De ABRvS heeft in haar uitspraak van 6 februari 2013 in aanvulling op het voorgaande overwogen dat er zich evenwel bijkomende omstandigheden kunnen voordoen die maken dat de behartiging van het persoonlijk belang van een raadslid zodanig aan de orde is bij het onderwerp van de besluitvorming dat hij daaraan niet behoort deel te nemen. Weliswaar kan de gemeenteraad niet verhinderen dat een lid deelneemt aan de besluitvorming en aan stemmingen, maar deelname van een lid kan er bij aanwezigheid van zo’n persoonlijk belang wel toe leiden dat de bestuursrechter tot het oordeel moet komen dat het desbetreffende besluit is genomen in strijd met artikel 2:4 van de Awb. De conclusie dat het betrokken bestuursorgaan in strijd met deze bepaling een besluit heeft genomen, kan echter pas worden getrokken wanneer aannemelijk is dat het betrokken raadslid de besluitvorming daadwerkelijk heeft beïnvloed.

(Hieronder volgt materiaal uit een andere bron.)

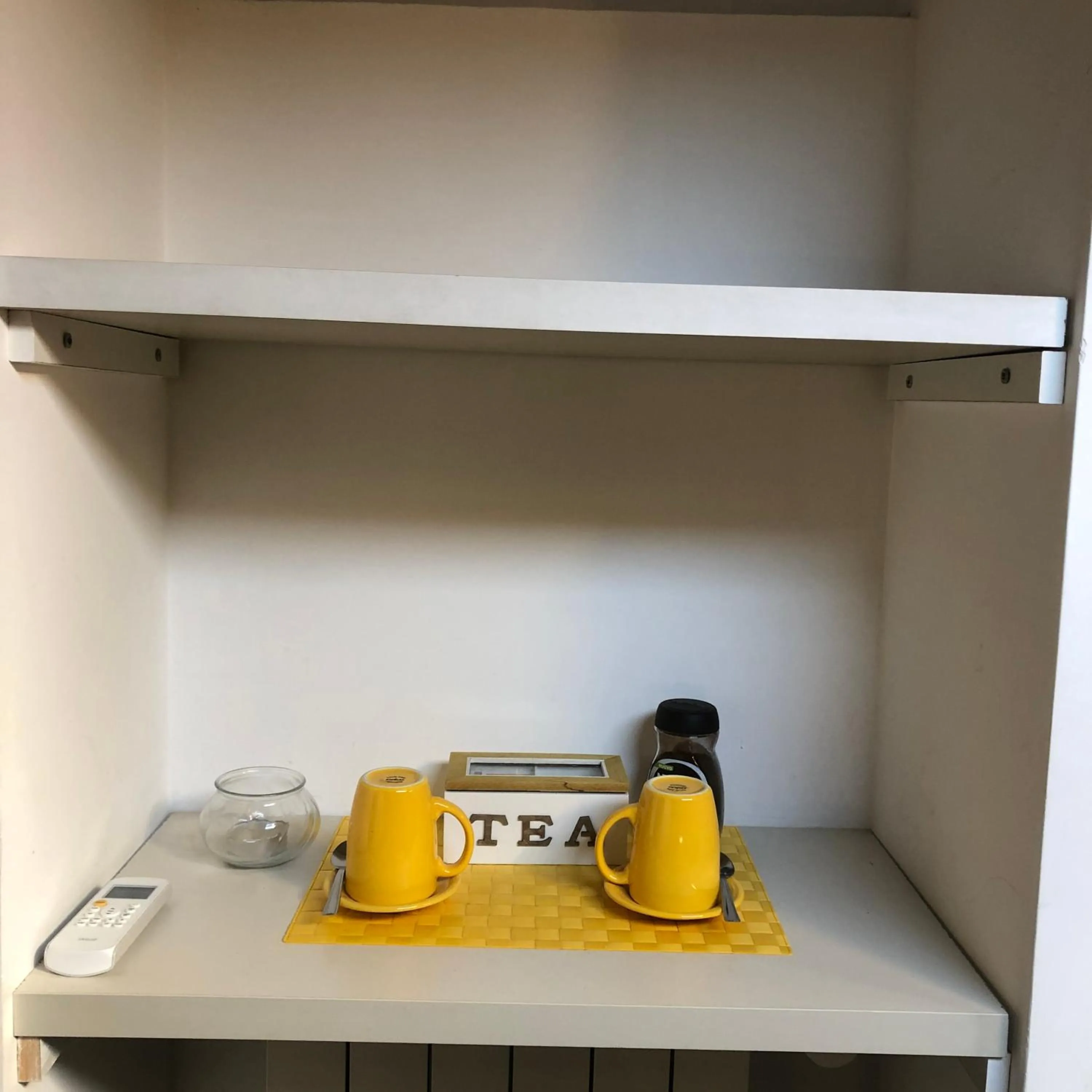 Bed in BB Il Re Alla Reginella Guest House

Bij staking van stemmen is het bepaalde in artikel 32 van de Gemeentewet van toepassing. Indien de vergadering voltallig is, wordt het voorstel geacht te zijn verworpen. Is de vergadering niet voltallig, dan wordt het nemen van het besluit tot een volgende vergadering uitgesteld. Als ook dan de stemmen staken, wordt het voorstel geacht niet te zijn aangenomen.

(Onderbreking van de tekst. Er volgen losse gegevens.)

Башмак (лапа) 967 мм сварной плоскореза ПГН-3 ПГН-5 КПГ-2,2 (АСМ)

In gemeenten kan een elektronisch stemsysteem gebruikt worden waarbij de openbaarheid gewaarborgd wordt doordat de naam van het raadslid gekoppeld wordt aan het voor of tegen. Dit is te lezen op een scherm, de afdruk ervan wordt meegenomen in de verslaglegging. Deze manier van stemmen is mogelijk op grond van de wet.

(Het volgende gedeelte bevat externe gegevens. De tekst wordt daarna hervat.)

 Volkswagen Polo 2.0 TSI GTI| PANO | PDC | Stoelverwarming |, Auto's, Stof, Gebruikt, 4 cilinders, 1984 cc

In het vierde lid wordt ingegaan op de procedure van hoofdelijke stemming. Praktisch gezien verdient het aanbeveling de volgorde van stemmen te bepalen aan het begin van de vergadering; deze volgorde geldt dan voor de gehele vergadering.
In het vijfde lid is de term ‘uitspreken’ vervangen door de term ‘verklaren’, waarmee buiten twijfel staat dat dit artikellid ook van toepassing is op digitale stemmingen.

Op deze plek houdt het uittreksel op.